No, not naturally. For an OB there will be a hump as you describe and for an H frame also a hump from the first quarter wave length resonance. There are plots of this in the OB documents on my site. So you use a 2nd order low pass electrical crossover around 150 Hz, just below these bumps in the SPL response, and end up with a summed acoustic crossover between 200 and 300 Hz. Then you use a 300 to 400 Hz 2nd order high pass crossover on the full range driver to get a nice smooth total response. This can easily be done with active or passive crossovers.
I have built the H-Frames using the Alpha 15A and I must say they are great, in not really big. They certainly don't disappear in the room. Very low WAF, although my wife does tolerate them. Post 156.
http://www.diyaudio.com/forums/full...od-gw-1858-woofer-h-frame-16.html#post1733944
Another option that I have used is one ported sub that I built. See:
http://www.diyaudio.com/forums/subwoofers/50778-seas-l26-musical-sub-amplifier-choice.html
Post 39. This is a great sub and works real good. I hide it along the wall behind a chair. Two would probably be better but at $300 a pop I never got around to building the second. At least to my ears, it integrates well with my 166-esr BLH. This sub is similar to the sub designed by Terry Cain to go with his full range speaker offerings.
The H Frame is clearly the better performer, at least to my ears and two can be built for about the same as the one ported.
http://www.diyaudio.com/forums/full...od-gw-1858-woofer-h-frame-16.html#post1733944
Another option that I have used is one ported sub that I built. See:
http://www.diyaudio.com/forums/subwoofers/50778-seas-l26-musical-sub-amplifier-choice.html
Post 39. This is a great sub and works real good. I hide it along the wall behind a chair. Two would probably be better but at $300 a pop I never got around to building the second.

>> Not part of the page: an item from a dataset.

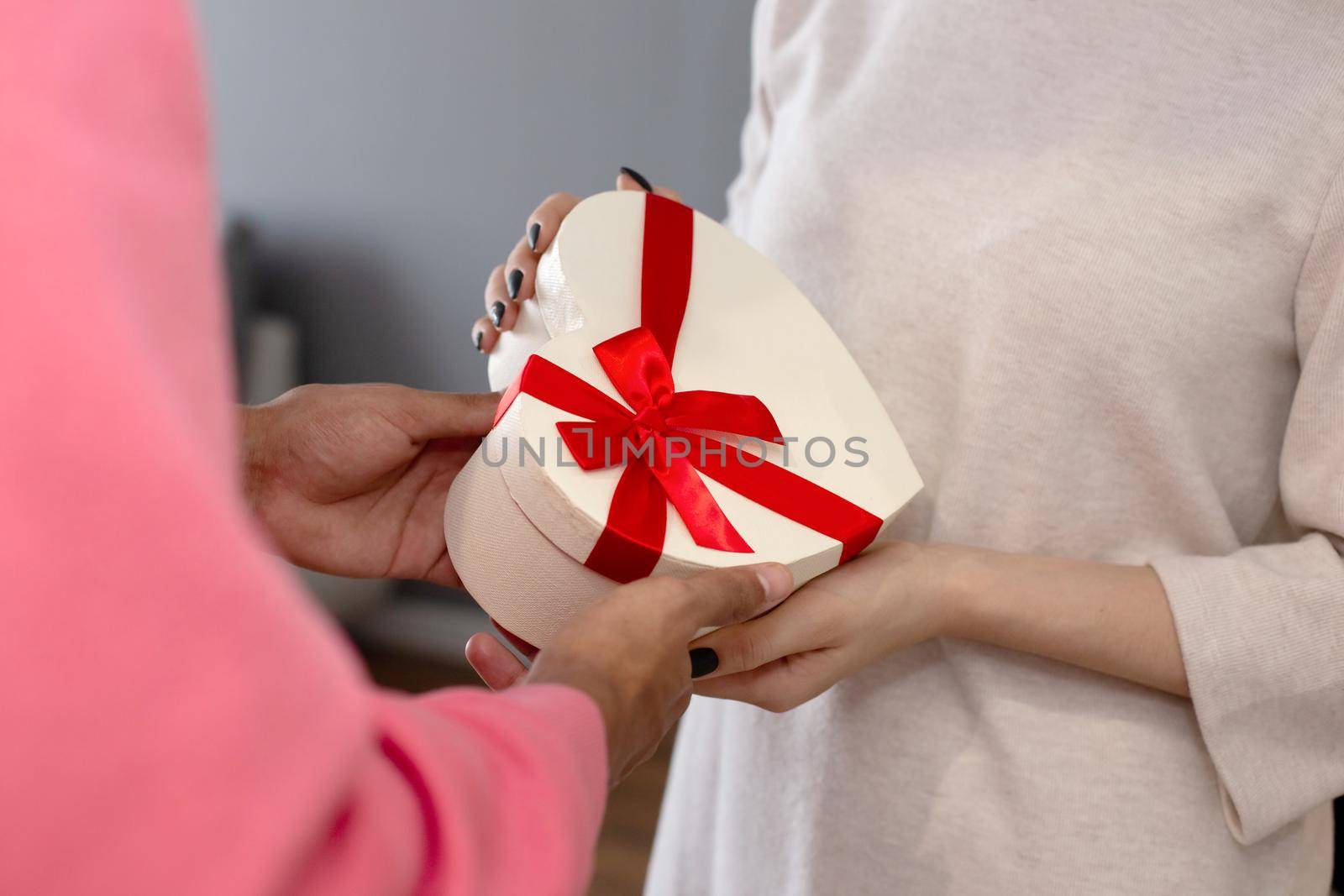 A guy in a pink jumper gives a girl in a white dress a white box in the shape of a heart. close-up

At least to my ears, it integrates well with my 166-esr BLH. This sub is similar to the sub designed by Terry Cain to go with his full range speaker offerings.
The H Frame is clearly the better performer, at least to my ears and two can be built for about the same as the one ported.

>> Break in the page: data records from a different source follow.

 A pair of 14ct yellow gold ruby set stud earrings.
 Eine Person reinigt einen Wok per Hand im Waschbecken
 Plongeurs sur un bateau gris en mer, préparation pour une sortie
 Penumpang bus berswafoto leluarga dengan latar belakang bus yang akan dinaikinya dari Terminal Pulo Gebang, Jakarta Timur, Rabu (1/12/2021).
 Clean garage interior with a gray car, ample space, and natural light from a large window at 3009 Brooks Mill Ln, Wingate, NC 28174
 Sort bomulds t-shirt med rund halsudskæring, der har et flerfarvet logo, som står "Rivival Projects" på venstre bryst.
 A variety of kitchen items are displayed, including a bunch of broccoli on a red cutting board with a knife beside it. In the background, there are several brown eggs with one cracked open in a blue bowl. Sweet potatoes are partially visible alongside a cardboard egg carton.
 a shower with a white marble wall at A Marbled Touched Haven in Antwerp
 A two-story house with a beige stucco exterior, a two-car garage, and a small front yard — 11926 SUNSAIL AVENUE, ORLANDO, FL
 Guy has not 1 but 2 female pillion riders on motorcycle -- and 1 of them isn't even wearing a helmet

If considering the CSS SDX7, it's also worth looking at the Exodus Audio Anarchy - although they have quite different T-S parameters, they model very similarly in a sealed box, and are physically similar drivers: similar x-max, same size, and both use XBL2 motors.
Actually, they model similarly for a bass reflex box, too, although I'm not sure why - both look like they'd be quite happy in a ~16L box tuned to 40hz.

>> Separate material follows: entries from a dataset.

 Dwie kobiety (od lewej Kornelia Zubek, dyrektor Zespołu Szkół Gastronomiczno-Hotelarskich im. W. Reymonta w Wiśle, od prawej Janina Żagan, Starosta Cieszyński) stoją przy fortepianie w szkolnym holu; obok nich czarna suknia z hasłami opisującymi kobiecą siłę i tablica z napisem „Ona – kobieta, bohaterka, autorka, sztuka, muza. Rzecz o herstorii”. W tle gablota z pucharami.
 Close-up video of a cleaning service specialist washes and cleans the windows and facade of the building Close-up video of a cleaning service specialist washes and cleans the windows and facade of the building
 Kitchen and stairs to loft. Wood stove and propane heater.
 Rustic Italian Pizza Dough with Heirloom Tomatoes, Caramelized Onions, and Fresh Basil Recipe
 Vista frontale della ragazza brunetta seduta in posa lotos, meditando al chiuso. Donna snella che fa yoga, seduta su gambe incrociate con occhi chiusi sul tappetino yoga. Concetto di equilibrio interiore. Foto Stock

I think this is because they were designed for a similar purpose: to have enough bass to be the woofer in a 3 way, but enough high frequency extension to make a reasonable 2-way.
DIYCable.com : Intro » Home » Exodus Subwoofers »
That looks very interesting; especially at the intro price. The website claims a well designed enclosure could get you usable bass in the 30-40 Hz range with in room response in the high 20's; what do you guys think? Possible?
A pair of these might make an excellent little project for me.
In 16L tuned to 40hz, F3 is about 37hz, while F10 is about 30hz. These figures are true, give or take about 3hz, for either the SDX7 or Anarchy.
There has been some suggestion (by Planet10, Geddes and others, including Floyd Toole) that anechoic F3 is quite misleading - planet10 particularly has suggested that the SDX7 sounds good sealed in about 14 litres, where it has an F3 of about 75hz and an F10 around 35hz. Again, these figures are also true within a few hz for the Anarchy.
Me, I'd build them sealed in 16 litres, allowing the option of venting them (or using electronic equalisation) if you don't think they go low enough.
There has been some suggestion (by Planet10, Geddes and others, including Floyd Toole) that anechoic F3 is quite misleading - planet10 particularly has suggested that the SDX7 sounds good sealed in about 14 litres, where it has an F3 of about 75hz and an F10 around 35hz. Again, these figures are also true within a few hz for the Anarchy.
Me, I'd build them sealed in 16 litres, allowing the option of venting them (or using electronic equalisation) if you don't think they go low enough.